Thursday, February 4, 2010

Race and neurosis

I'm beginning to worry these days that racism has become a kind of psychological crutch for some people. While watching the plays of Lydia R. Diamond, for instance, I've twice felt that I was listening to a profoundly neurotic personality, but one that had found a kind of camouflage for its neurosis in complaints about racism. Meanwhile the blogs 99 seats and Parabasis have morphed into an orbiting system of obsessional dialogue about race. And now 99 seats has approvingly quoted an even more pathetically obsessed race-blog, from RVCBard (a pseudonym, of course), who meditates thusly:

. . . my experiences with White people have been confusing, uncomfortable, frustrating, and exhausting in this regard. I can't quite put my finger on why, but I always feel a kind of pressure to perform around White people. It's like I have to prove I'm worthy of their presence. It's proven very difficult to get a White person's attention, especially a White man's.
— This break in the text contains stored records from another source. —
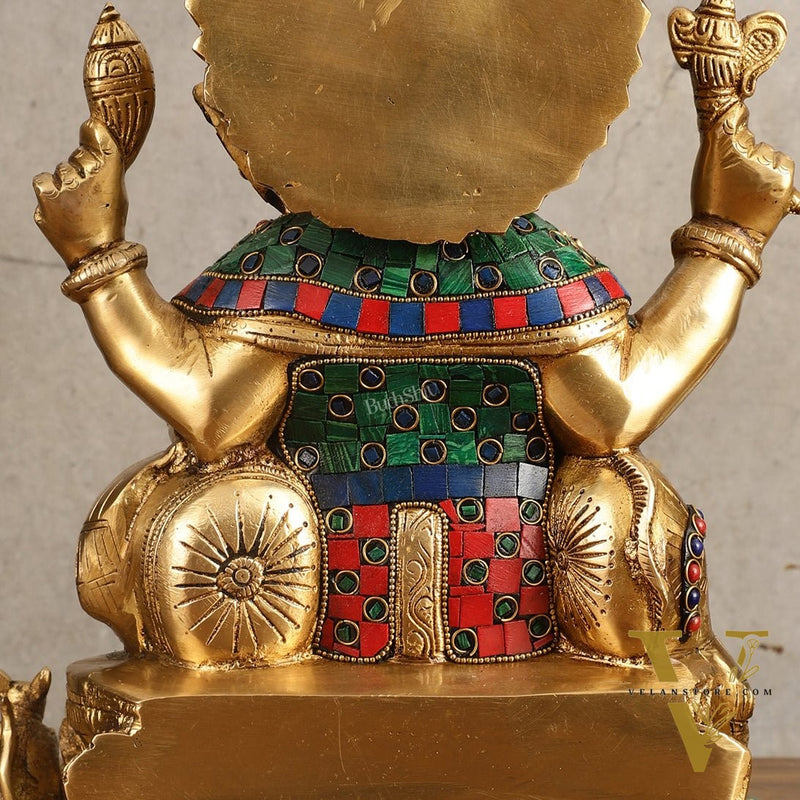 Ganesha Superfine Brass Idol with Spectacular Stonework - 13 Inch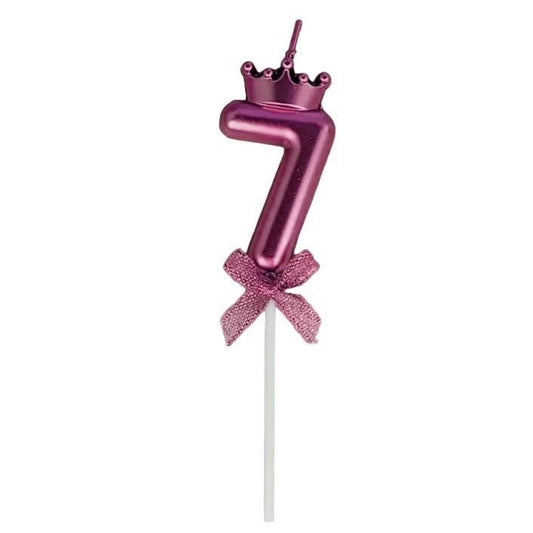 Lumanare Cifra 7, Vivimall, Model Coroana cu Fundita, Pentru Tort, 6 x 2.5 cm Mov - vivimall.ro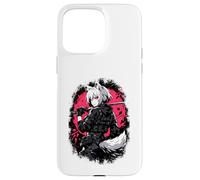 Custodia per iPhone 15 Pro Max Lupo Anime Girl Samurai Katana Rosa Nero Design Estetico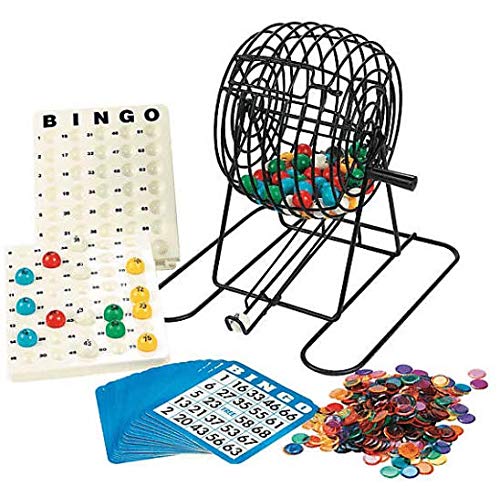 United Novelty Party Bingo Game Set- Includes Vinyl Coated Steel Bingo Cage, Bingo Balls, Masterboard, Bingo Chips, and Bingo Cards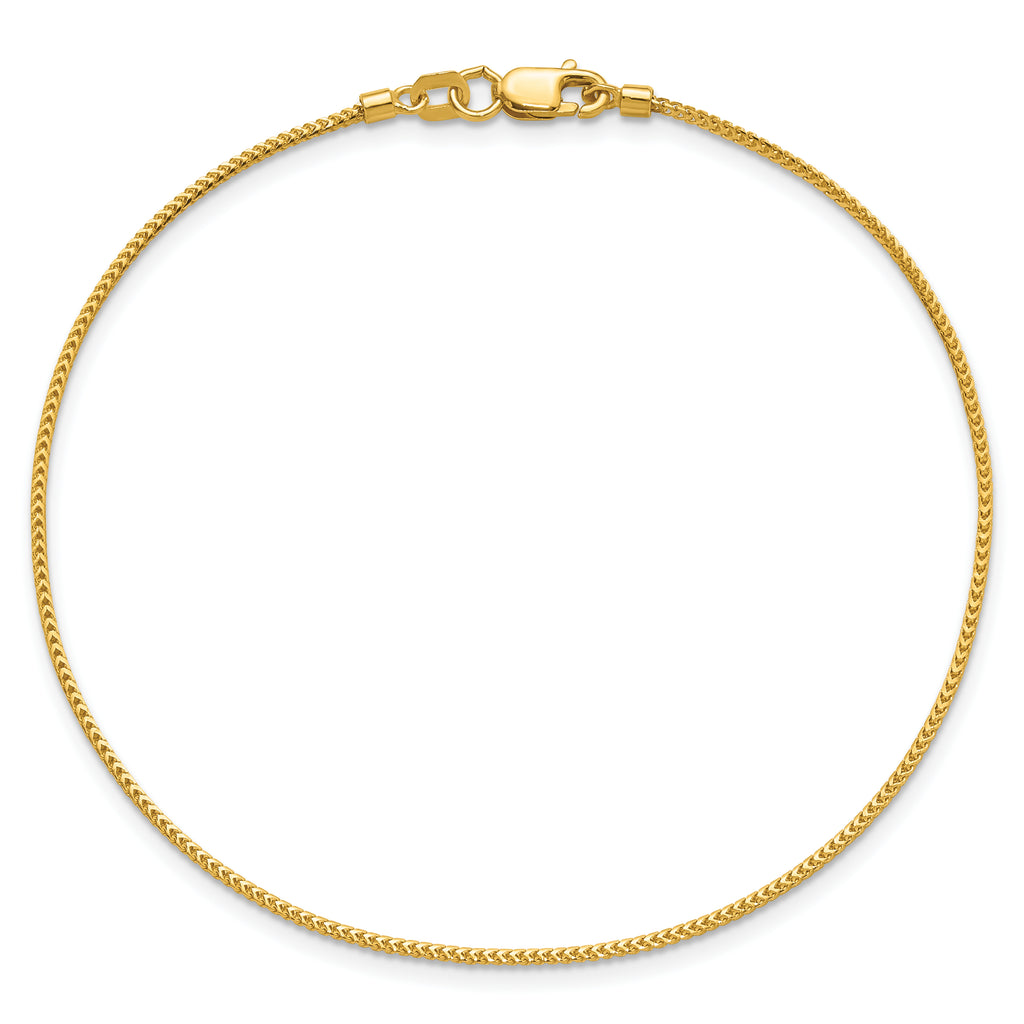 14K Yellow Gold Solid Franco Chain Necklace 0.9mm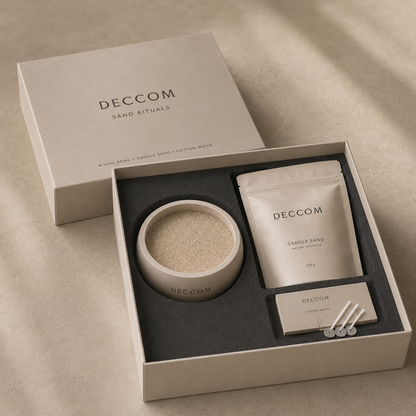 DECCOM Sand Rituals open box with ritual bowl, candle sand refill, and cotton wicks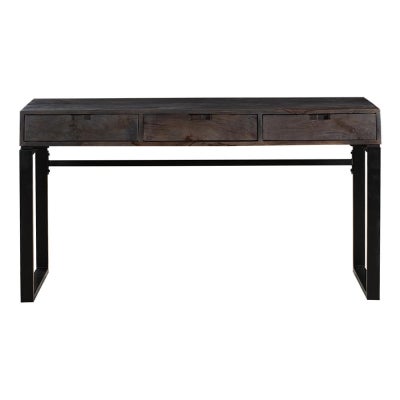 Venus Mango Wood & Metal Study Desk, 140cm, Charcoal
It's even harder to maintain it for more than about 15 minutes. And if you're White, and you met me in person, I'm probably talking about you.

Whoa. Honey - you feel like you have to "prove you're worthy of white people's presence"??? I'm not sure I've ever heard anything more racist in my life.

This is perhaps another sign that we're tipping toward a form of sensitivity that is actually becoming a support system for prejudice. Sorry to go back to Emily Glassberg Sands, but people still don't seem to have internalized the one lesson you could justifiably draw from her work - sexism is now being perpetuated in the theatre by women who believe in sexism. Their lack of ability to believe that the landscape has changed is actually resulting in their own oppression. It's a weird form of Stockholm Syndrome, a kind of internalized-prejudice-by-proxy.

I can sense a similar dynamic beginning to operate around race in the blogosphere: as real power becomes accessible to African-Americans, I'm sure it's tempting for some writers to shrink from these somewhat-frightening opportunities into the comfortingly familiar space of oppression and its related resentments. Psychological issues - or delusions of artistic grandeur - find their justification in the rhetoric of racism. These folks toy with the idea of self-producing, but reject it; for them, a major step is founding a writer's group! It's like they yearn to leave the plantation but can't really bring themselves to.

Which isn't to say the racial landscape has changed completely. It never will. There will always be racists, just as there will always be anti-Semites and homophobes.

But we are in a situation in which we have our first mixed-race President. Whom I voted for and gave money to. I nearly cried when he was inaugurated, in fact, even though I couldn't really feel my feet, it was so cold on the Washington Mall (where I'd been standing since 4 AM). My state has an African-American governor; I voted for him, too. White women across the country worship Oprah, and honey so do I. And in the theatrical world, more and more opportunities are opening up for actors and playwrights of color.

And whenever I ponder my own position as a gay man in this society, I'm struck by the difference between my own attitudes and those of the likes of 99 seats and RVCBard. I would never, ever, not in a million years, write that I felt I was unworthy of the presence of straight people! And yet my civil rights are much more on the line than RVCBard's - indeed, "Blacks" (to use her icky nationalistic capitalization) are on the front lines of oppressing the "Fags"! In a word, her people are my oppressors. But am I about to internalize that? Hell, no.

So yes, RVCBard, organize that "Black" playwriting group - don't wait for the white people to organize it for you, for chrissakes - they won't! (And I'm afraid that doesn't make them racists.) But please, try to skip the temptation to continue the "ongoing dialogue." Let's not "dialogue" anymore - let's just bring city services to Roxbury instead, okay? Let's just pass national healthcare. Let's improve education. Let's move forward.

(P.S. 99 Seats responds as I thought he would. I think what bothers him most is that I refuse to internalize the attitudes of homophobes - which is kind of my whole point! Or is it that he thinks white homophobes "count" more than black homophobes? Oh, well, anyway - Isaac? Over to you!)

(P.P.S. - And be sure to read the comments, they're a hoot!)

(P.P.S.S. - Yes!! The blogosphere's favorite ethically-limber careerist sides with the neurotics here.)